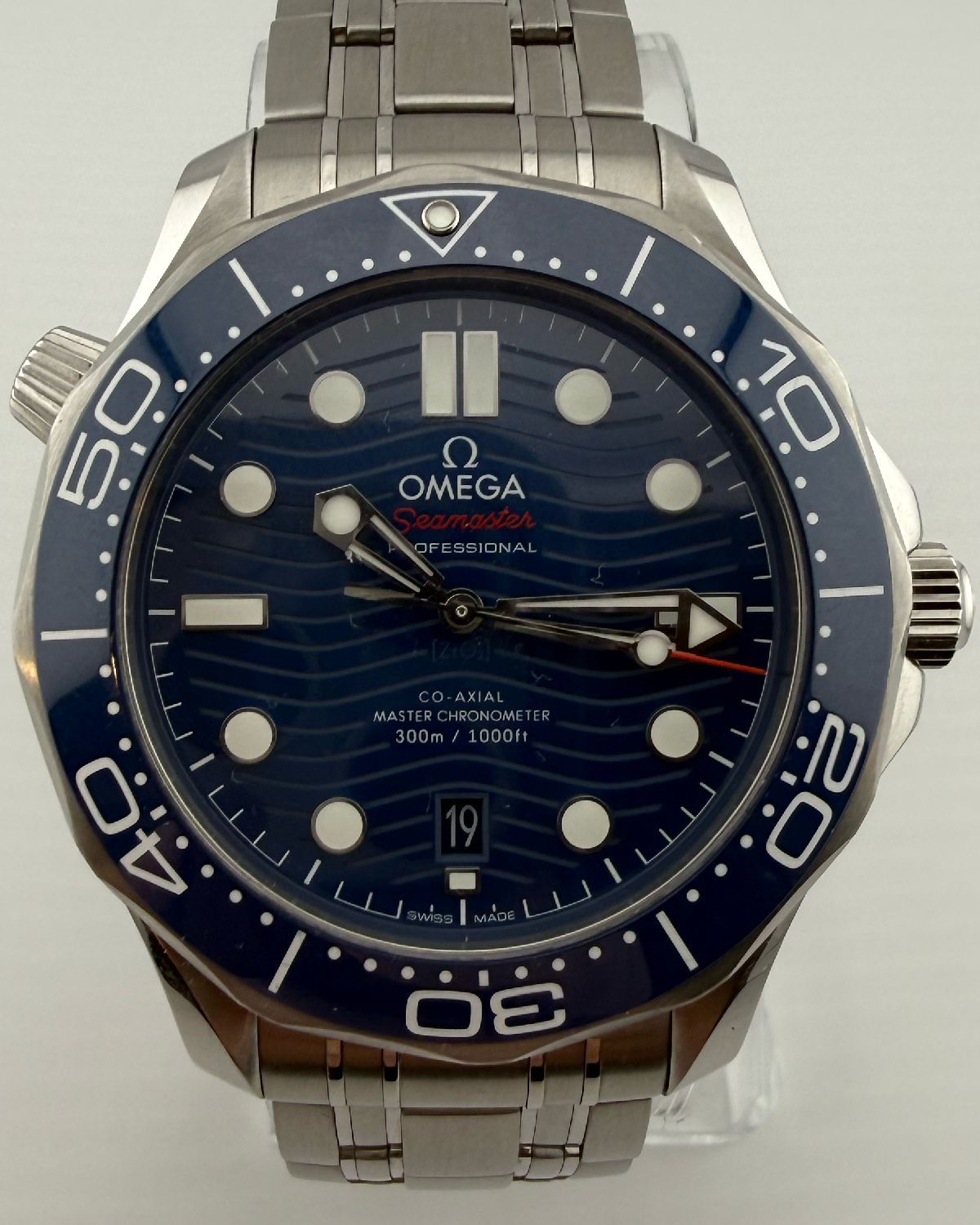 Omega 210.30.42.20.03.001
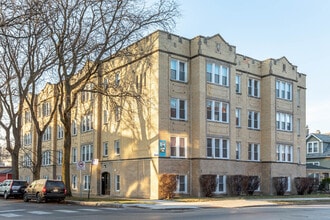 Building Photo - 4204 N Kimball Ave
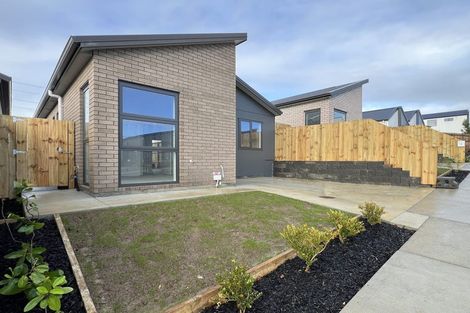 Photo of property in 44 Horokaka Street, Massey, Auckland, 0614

• [Your goal] From the line that holds "Building Photo - 4204 N Kimball Ave" to the last line of the data, return those lines exactly and nothing else; both ends count, and pictures stay out.

• [Written solution]
 Building Photo - 4204 N Kimball Ave
 Photo of property in 44 Horokaka Street, Massey, Auckland, 0614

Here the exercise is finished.